As financial market participants wait for the U.S. Federal Reserve to raise interest rates, emerging markets have seen some of the most substantial currency volatility—predominantly depreciation against the U.S. dollar—in recorded history. As a result, North American and European companies are experiencing substantial losses to currency translation. Local currency earnings are making up lower dollar earnings, even where volumes are improving, and disrupting multinational targets.
In the second quarter of 2015, companies experienced one of the top five largest translation losses to date.

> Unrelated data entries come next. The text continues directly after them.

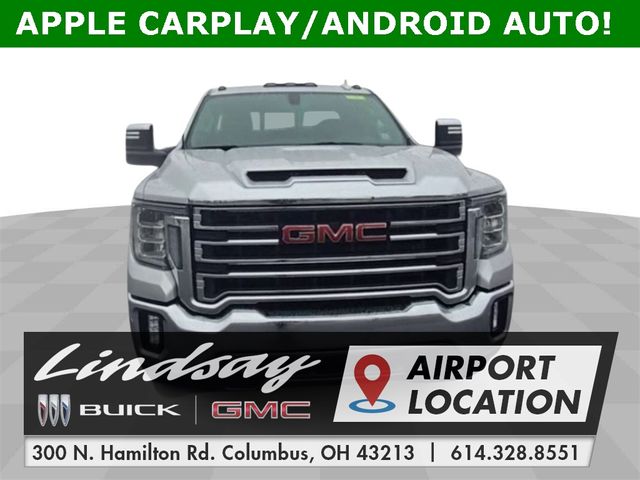 2022 GMC Sierra 2500HD SLT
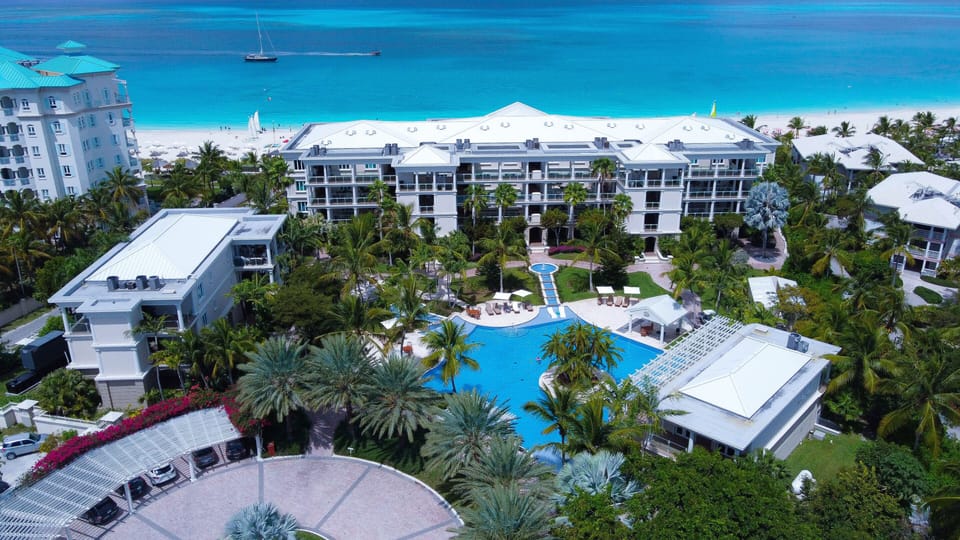 The Pinnacle on Grace Bay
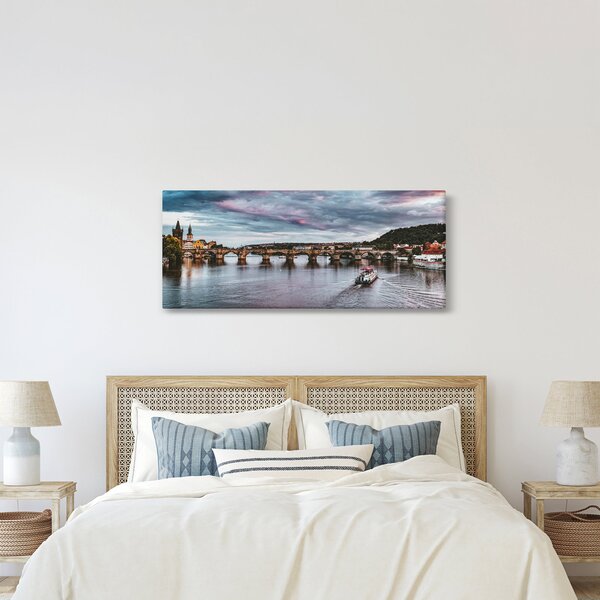 Slika Vltave (120x50 cm)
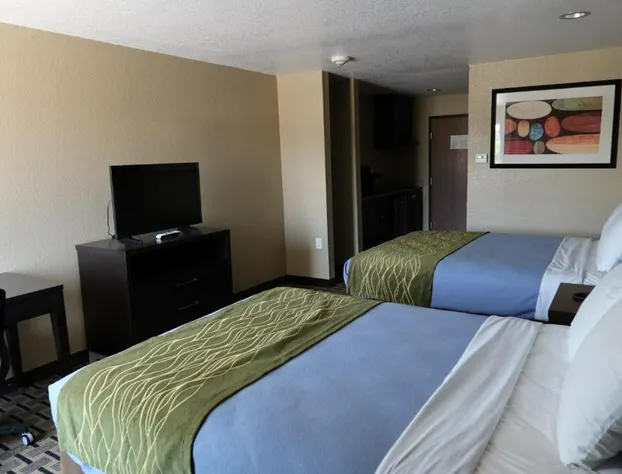 West Worth Inn and Suites hotel detail image 1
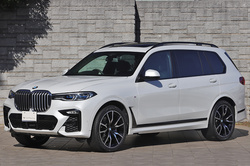 2019 BMW X7 xDrive 35d Mスポーツ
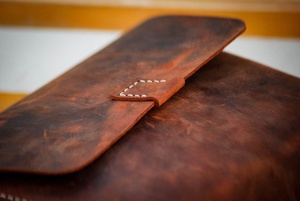 Bolso cruzado de cuero desgastado, bolso bandolera para mujer, bolso de viaje de cuero genuino, bandolera de hombro, bolsos de mano - Product Image 4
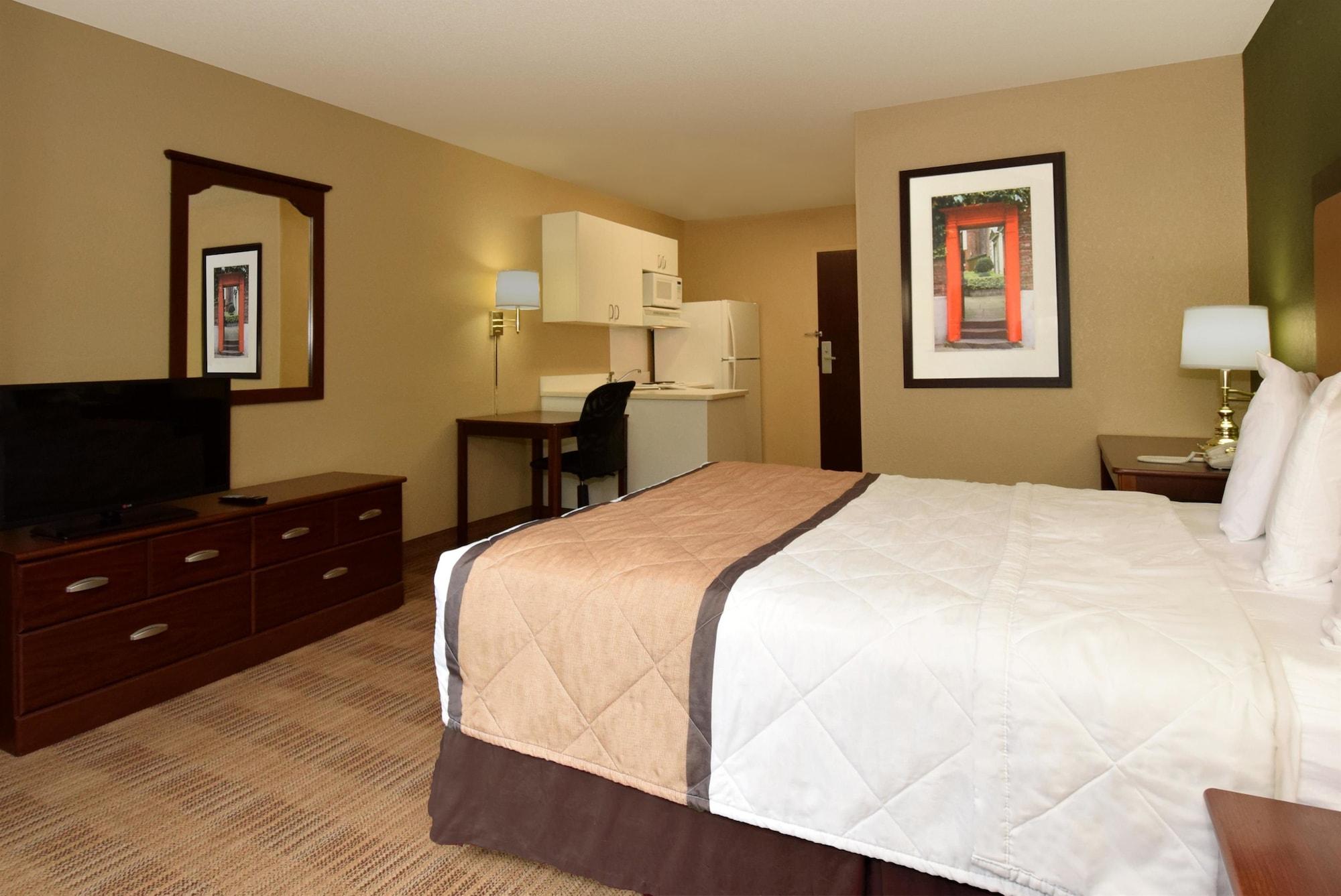 Extended Stay America Suites - Amarillo - West Kültér fotó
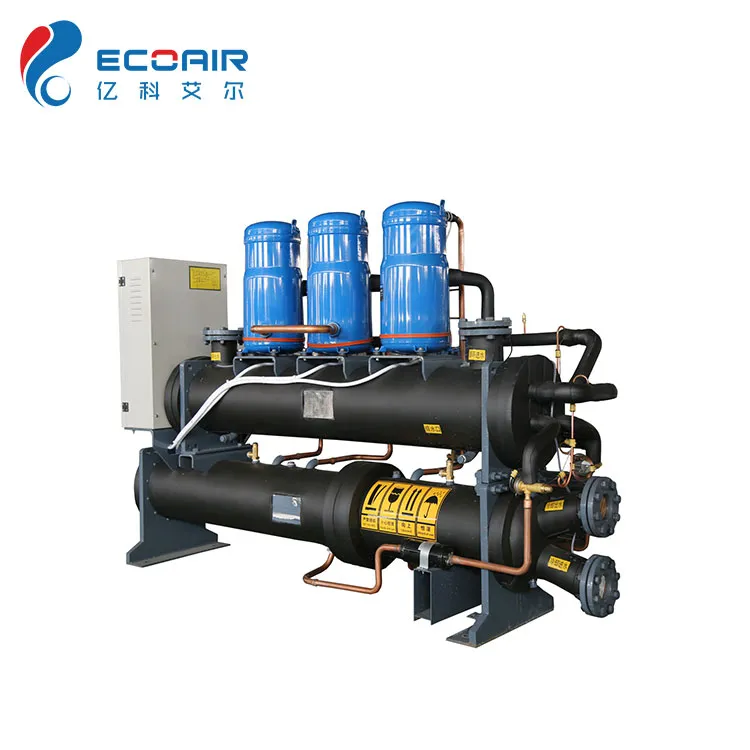 Water Cooled Package Unit
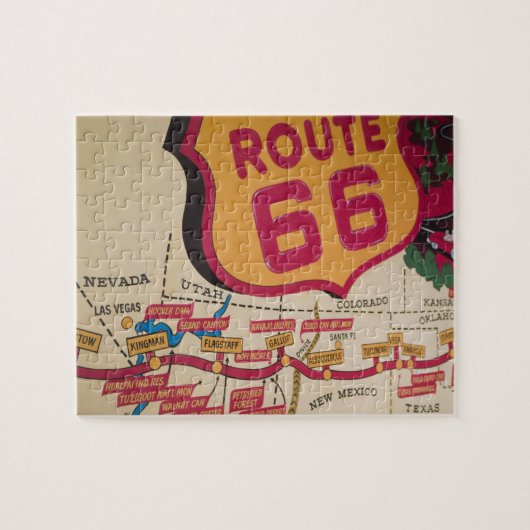 USA, Kentucky, Bowling Green: Nationale Korvette 5 Puzzle (Horizontal)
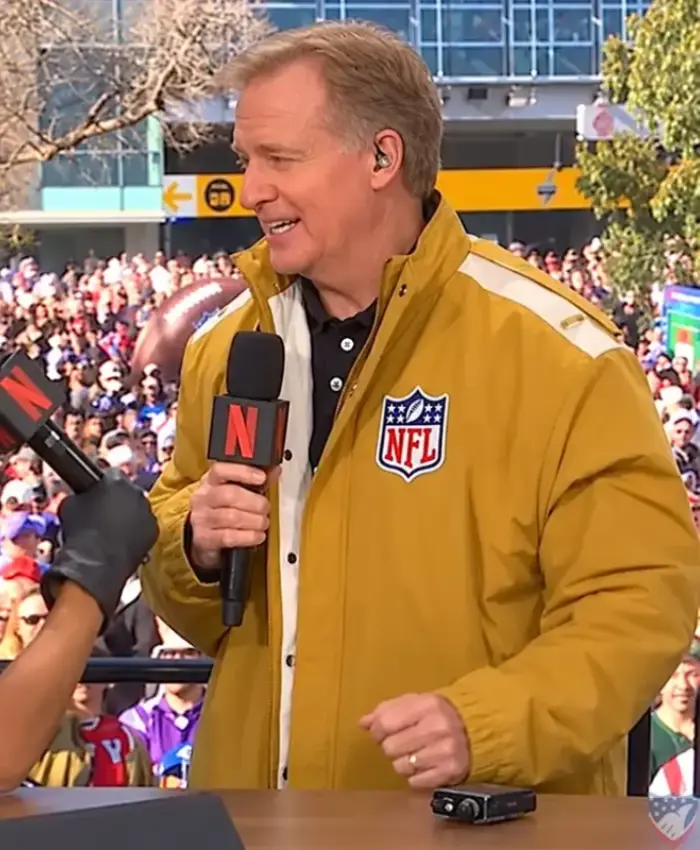 NFL Kangaroo Jacket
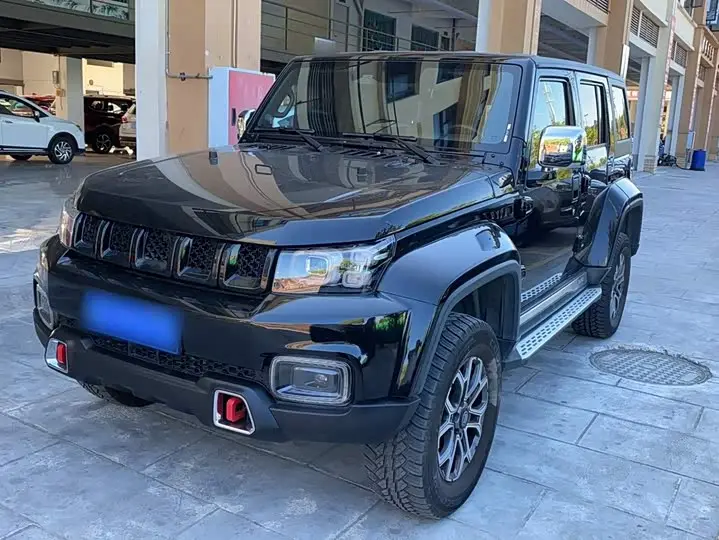 BAIC Beijing BJ40 2023, арт. CN-3317739 — фото 1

A total of 211 North American and European companies reported negative currency impacts, amounting to $19.49 billion in losses. This is nearly five times the negative currency impact seen in the second quarter of 2014. While the incidence and total size of impact is down from the first quarter of this year (Q1 2015), in which $31.68 billion in currency-related losses were reported, the magnitude of impact on the companies that did quantify currency translation losses has increased. The average negative impact per company has reached $177 million in North America and $110 million in Europe.
(Click to view larger) Source: Frontier Strategy Group & FiREaPPS
Executives are seeing more significant sustained currency translation risk than during the height of the euro crisis. FSG anticipates that currency volatility will not only remain at high levels, but also that managing that risk will continue to become increasingly complex.
- Currency volatility will remain: Central bank intervention, particularly in the U.S. Federal Reserve, creates uncertainty and exacerbates volatility. FSG anticipates that the Fed’s interest rates decisions will continue to have important and uniform global impacts until the size and pace of interest rate hikes in the medium term (one to three years) is clearer.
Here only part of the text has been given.